Coley is an electoral ward of the Borough of Reading, in the English county of Berkshire. Until the 2022 Reading Borough Council election, it was known as Minster ward and had slightly different boundaries.

It lies south-west of the town centre, comprising all or parts of the suburbs of Coley, Coley Park, and West Reading, together with a large tract of undeveloped River Kennet flood-plain to the south. From the south in clockwise order it is bounded by the River Kennet, the Reading to Basingstoke railway line, Reading West railway station, the Oxford Road, Prospect Street, Tilehust Road, Castle Hill, and the A33 back to the River Kennet. The ward is bordered, in the same order, by Whitley, Southcote, Battle, Abbey and Katesgrove wards. It lies entirely within the Reading West parliamentary constituency.
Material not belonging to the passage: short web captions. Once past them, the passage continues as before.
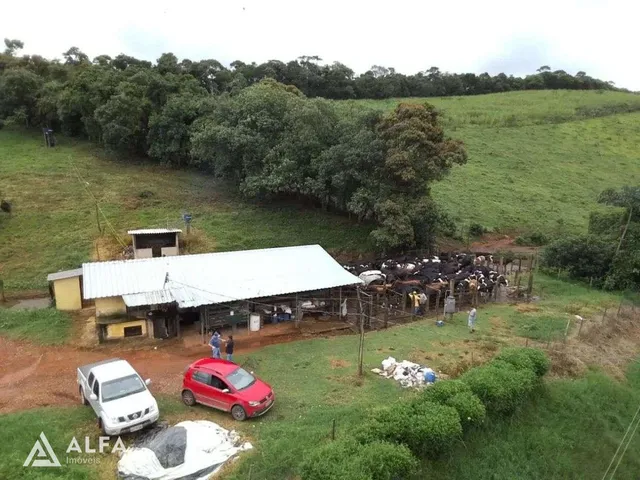 Imagem 2: Fazenda Leiteira Completa e Produtiva com Estrutura de Alta Capacidade - Oportunidade
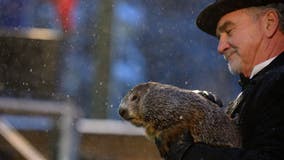 Groundhog Day 2021: Punxsutawney Phil predicts 6 more weeks of winter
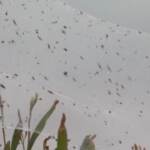 Australia: la città di Langford ricoperta di ragnatele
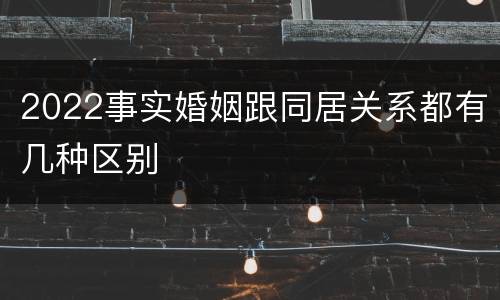 2022事实婚姻跟同居关系都有几种区别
The principal changes to the ward boundary in 2022 were the loss of the section of the old Minster ward to the west of the railway line, bounded by Bath Road, Parkside Road and Tilehurst Road, to Southcote ward, and the loss of the strip of Minster ward to the east of the A33, as far as the River Kennet, to Katesgrove ward. Coley ward also gained the area bounded by Tilehurst Road, Reading West station, Oxford Road and Prospect Street from Battle ward.

As of 2016, there were just over 10,000 people living in Minster ward, of whom 21% were aged under 16, 12.6% were aged 65 and over, and 29% were born outside the UK. The population lived in a total of just under 4,700 dwellings, of which almost 50% were in purpose-built blocks of flats, and around 20% each were terraced houses or semi-detached houses, with detached houses and flat conversions making up the rest. Of the population aged between 16 and 74, approximately 70% were in employment and 5.5% were unemployed. Of those in employment, 50% were in managerial, professional or technical occupations, with 26% in professional occupations.

As with all Reading wards, the ward elects three councillors to Reading Borough Council.  Elections since 2004 are generally held by thirds, with elections in three years out of four, although the 2022 elections were for all councillors due to the boundary changes. The ward councillors are currently Ellie Emberson, Paul Gittings and Liz Terry, all of whom are members of the Labour party.